■ TO DO:
From the first line to the last, write out the records exactly, leaving the pictures behind.

------ WORKING DATA ------

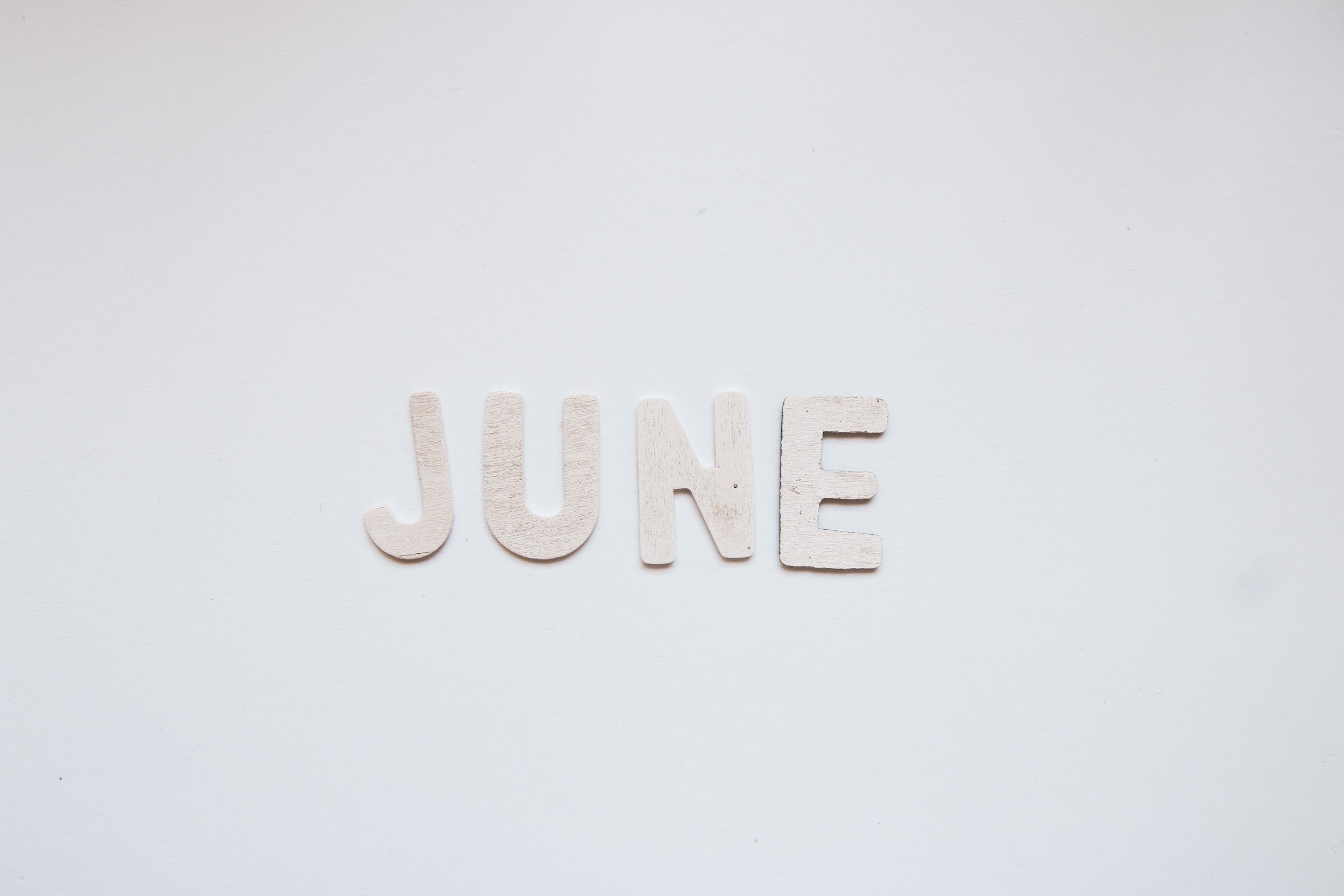 the word JUNE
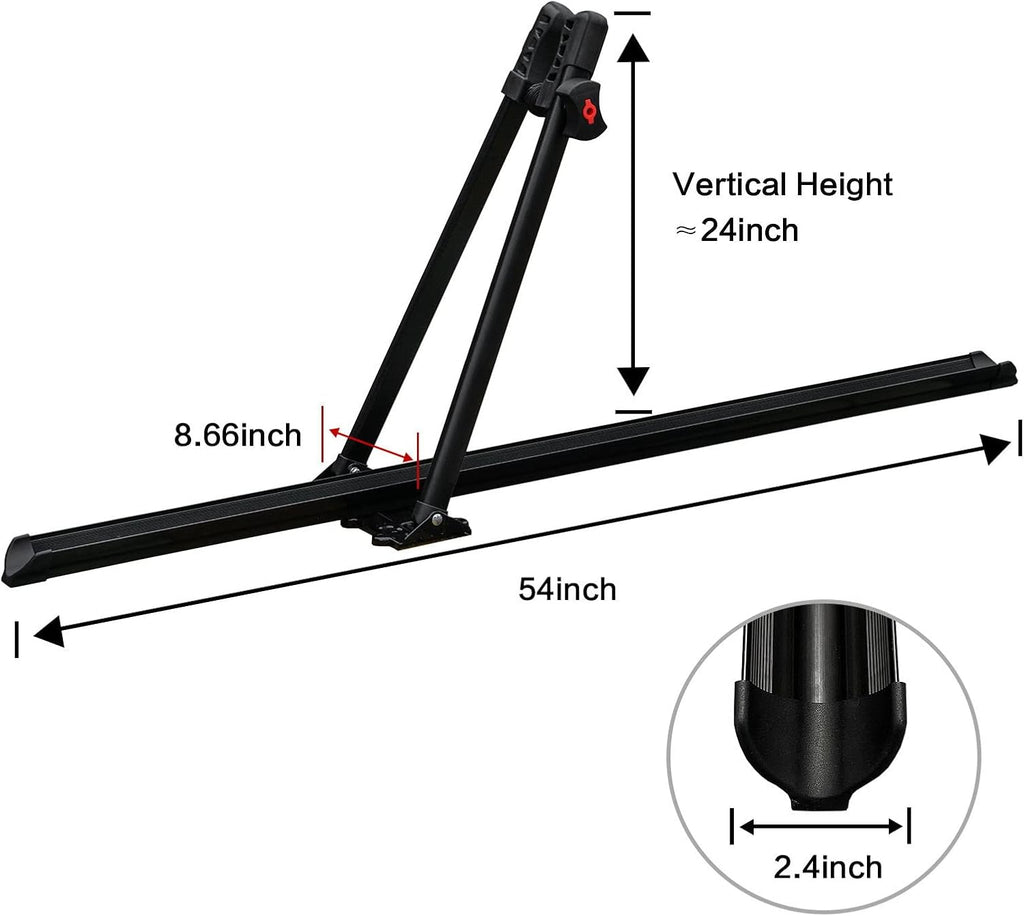 1 Bicycle Capacity Roof Bike Rack H699277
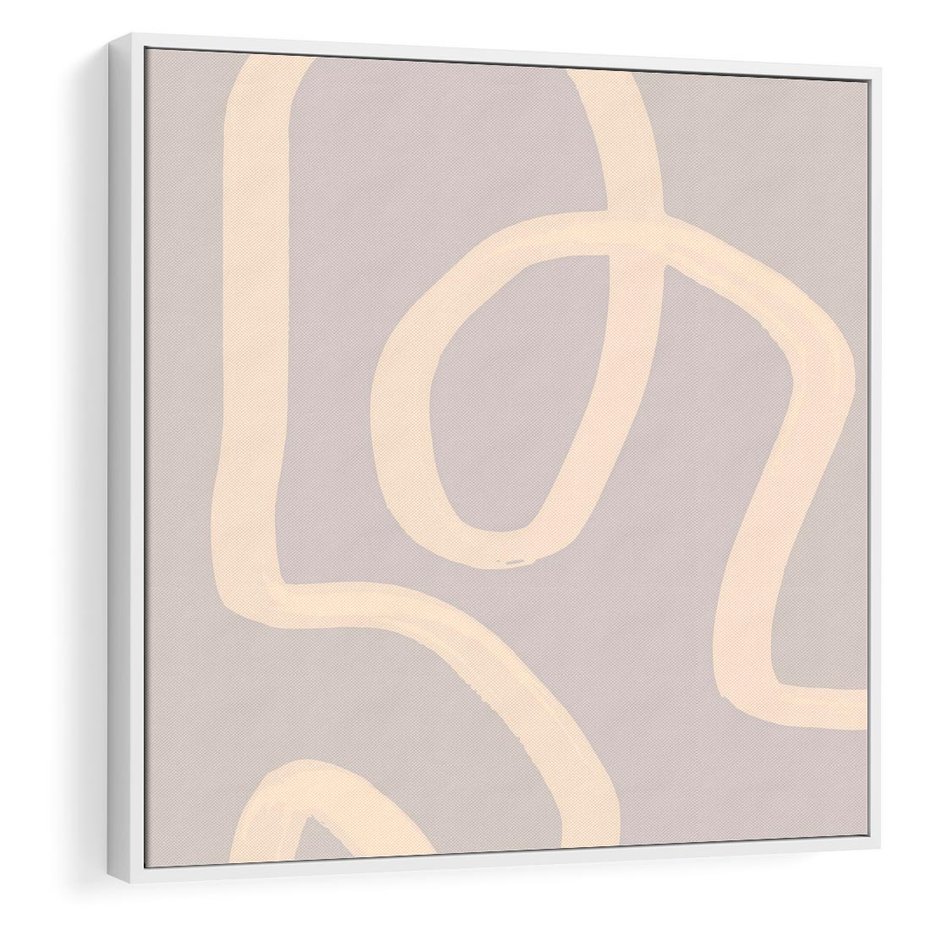 Obraz w ramie 80x80 - Nowoczesne Odbicia - minimalistyczny obraz, nowoczesny - rama biała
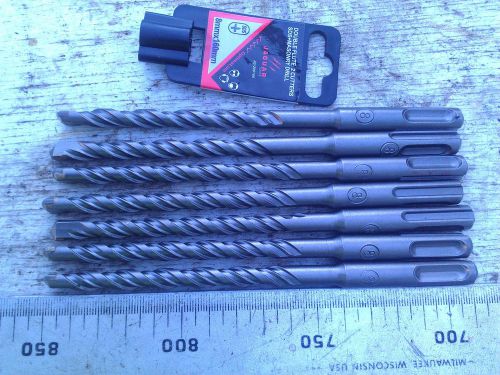 7x SDS + PLUS HAMMER Drills Drill Bits Size: 8MM L: 160MM, Double-Flutes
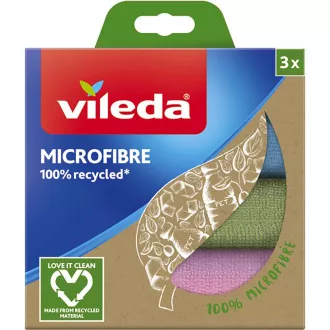 ÚJRAHASZNOSÍTOTT SZÁLAS MIKRO KEFE 3DB VILEDA ÚJRAHASZNOSÍTOTT SZÁLAS MIKRO KEFE 3DB VILEDA
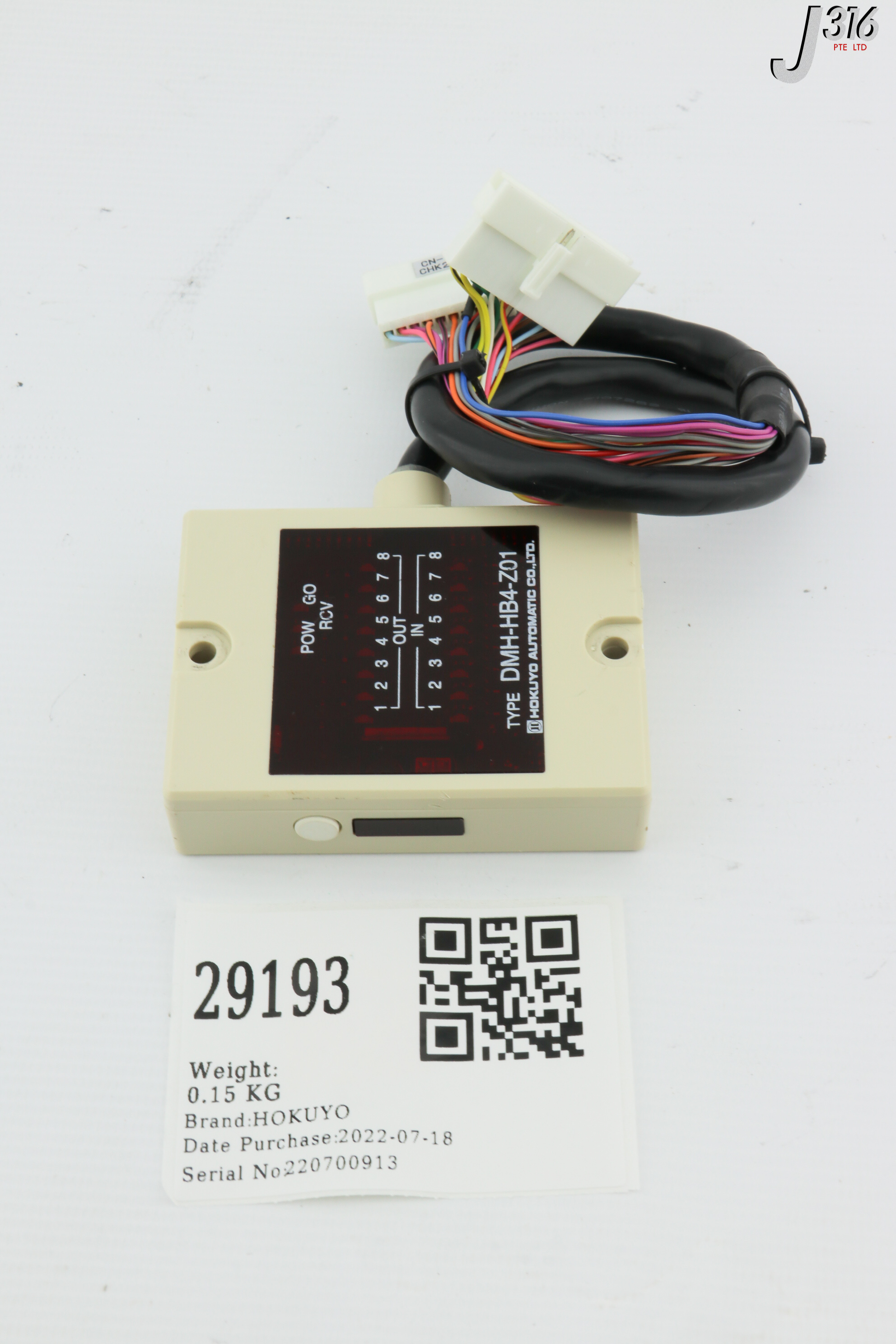 29193 HOKUYO OPTICAL DATA TRANSMISSION DMH-HB4-Z01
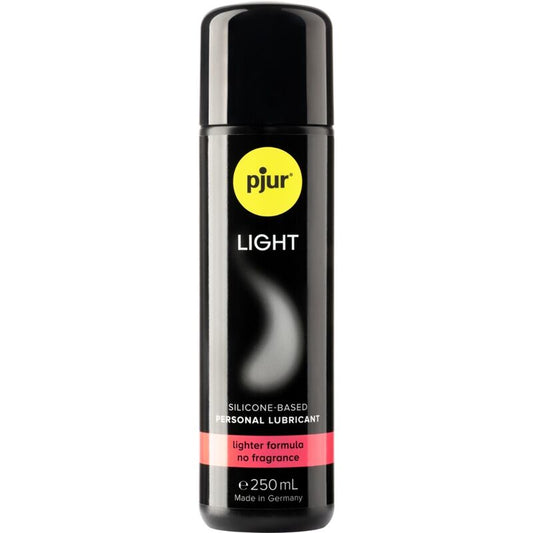 Embalagem do PJUR Lubrificante de Silicone Leve 250ml, destacando a textura sedosa.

------

■ EXERCISE OUTPUT:
 the word JUNE
 1 Bicycle Capacity Roof Bike Rack H699277
 Obraz w ramie 80x80 - Nowoczesne Odbicia - minimalistyczny obraz, nowoczesny - rama biała
 7x SDS + PLUS HAMMER Drills Drill Bits Size: 8MM L: 160MM, Double-Flutes
 ÚJRAHASZNOSÍTOTT SZÁLAS MIKRO KEFE 3DB VILEDA ÚJRAHASZNOSÍTOTT SZÁLAS MIKRO KEFE 3DB VILEDA
 29193 HOKUYO OPTICAL DATA TRANSMISSION DMH-HB4-Z01
 Embalagem do PJUR Lubrificante de Silicone Leve 250ml, destacando a textura sedosa.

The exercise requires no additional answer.